Clothing: Isaac is practical in his clothing. He prefers worn jeans and tight t-shirts or wife-beaters. He also has a brown leather jacket that he wears around a lot. Other than that, nothing fancy. He's sorta apathetic towards fashion. As long as he can move in it and it doesn't stain easily, he'll wear it. The only thing fashion-wise that he is concerned about is that he doesn't like logos, quotes, or pictures on his clothing. The glasses that he wears actually hinder his enhanced vampiric vision, but he wears them everywhere anyway because his wife bought them for him before she died.

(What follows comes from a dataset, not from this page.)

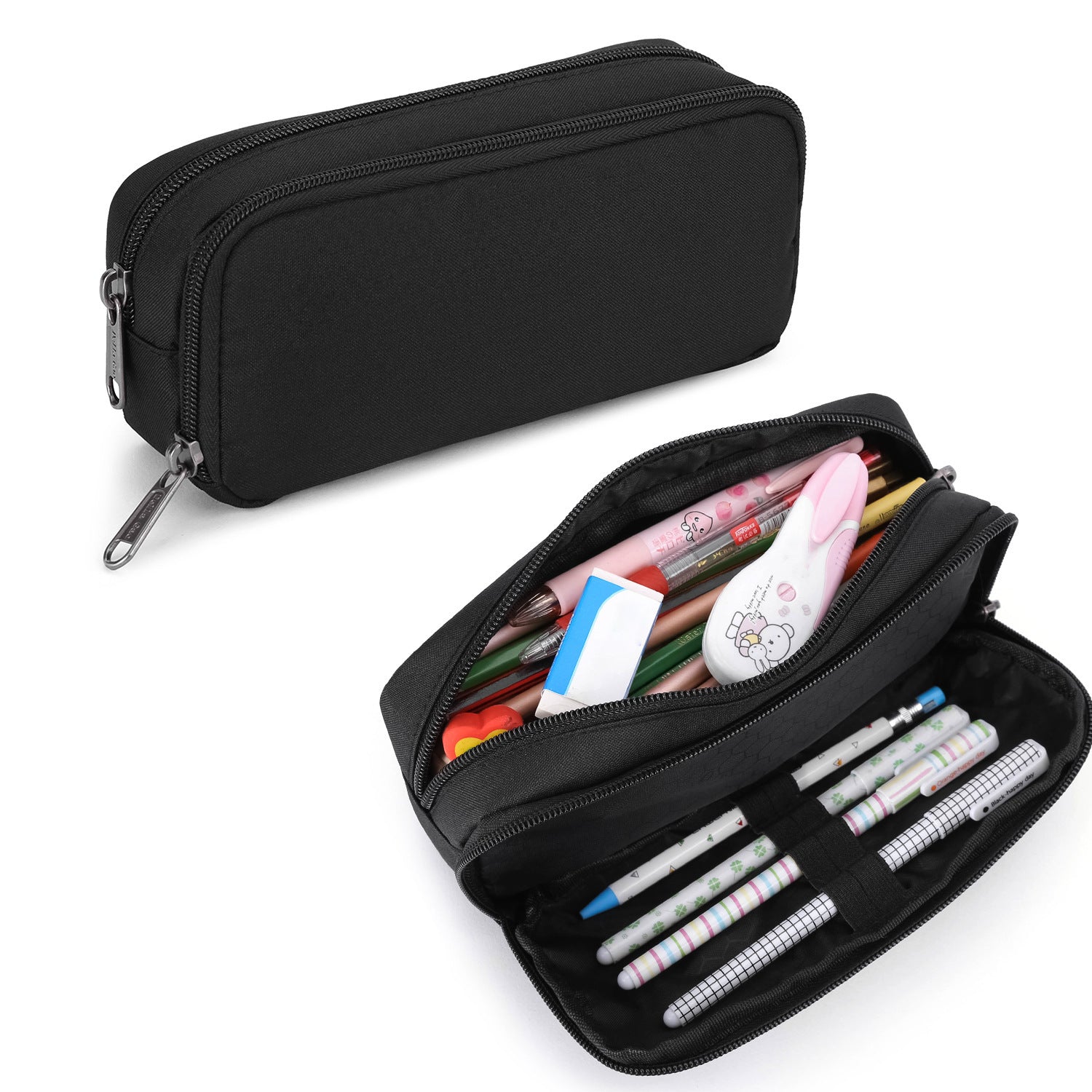 Pencil Case - Stationery Pencil Case - Large Capacity Zipper Pocket - Large Capacity Storage Pencil Case - Suitable for School, University, Office Supplies - 1 Piece - Black - Image 2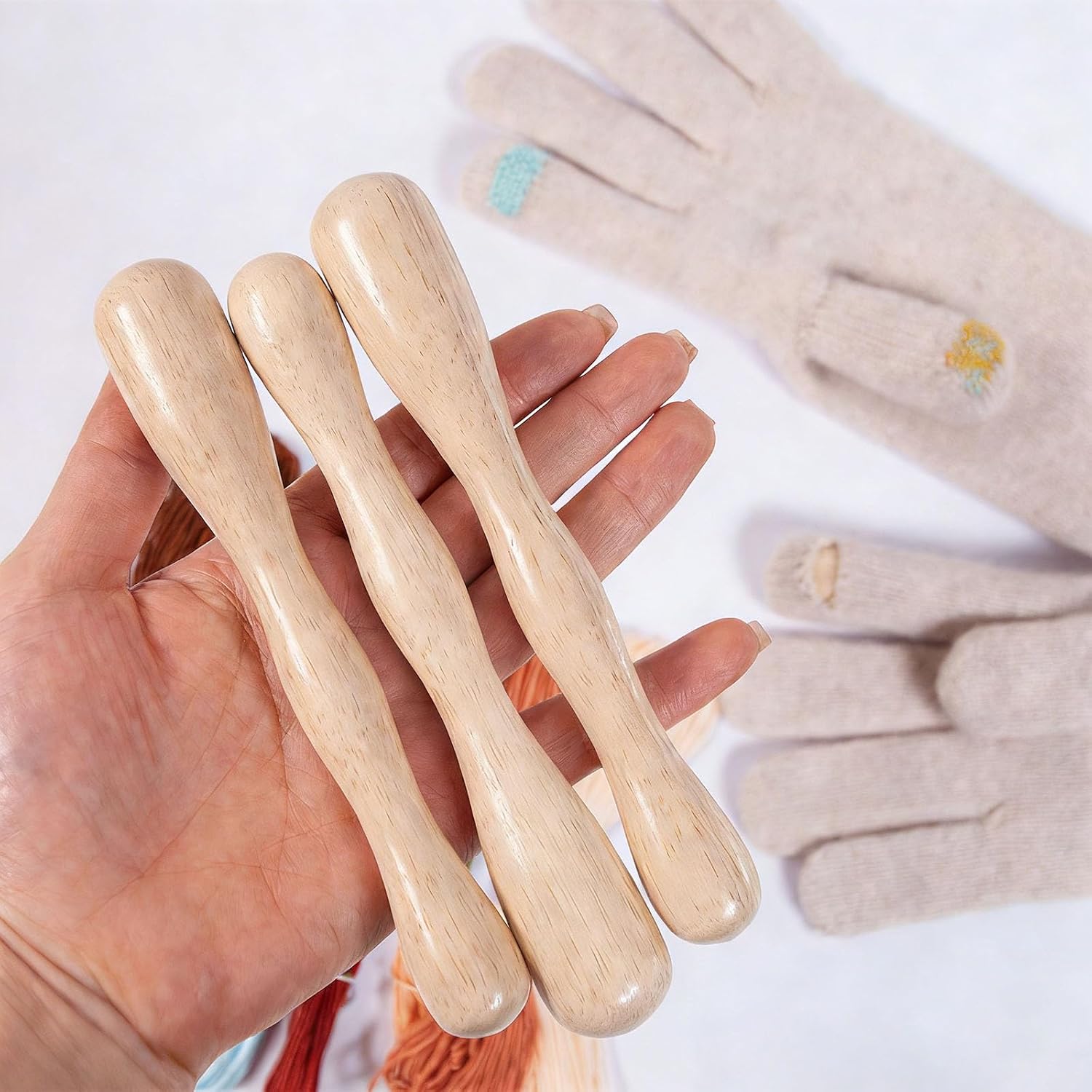 DRAGONRUN Friendly Portable Wooden Darning Stick for Instants Repair of Gloves Socks and Knitting Goods Handcraft Mending Device image 5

He also keeps his wedding ring on a chain around his neck, but it's usually tucked into his shirt.
Personality: Isaac is the kind of guy who really comes off as gruff, abrasive, and careless, but he's actually relatively good-humored. He's incredibly talkative, witty, and laid-back with a bit of a "grab life by the balls" attitude. He's also very affectionate in the way a loving-drunk is affectionate. If he gets along with someone, he'll talk their ear off and hang all over them. He was a social creature as a human and unlike some vampires who go all quiet and angsty, he retained every aspect of his personality. He's just a little wiser now.
History: Isaac was essentially a tinker. Very much a Mr. Fix-it kind of person. Clocks, car pieces, chairs... basically, anything that could be taken apart and put back together, he could fix up, always taking odd jobs. Along with the paintings that his wife, Lorelei, sold they ended up getting the money to move with their two daughters from England to the US, which was in the midst of the "roaring 20s." However, they literally moved there mere months before the stock market crash. As soon as the Depression kicked in, Isaac couldn't find any work and turned to drinking. After a particularly bad night, he accidentally killed Lorelei while he was drunk. After a failed suicide attempt that left him broken and bleeding in an abandoned lot, a "compassionate" night walker got a hold of him and turned him. There's a lot more than that, but I don't feel like getting into it.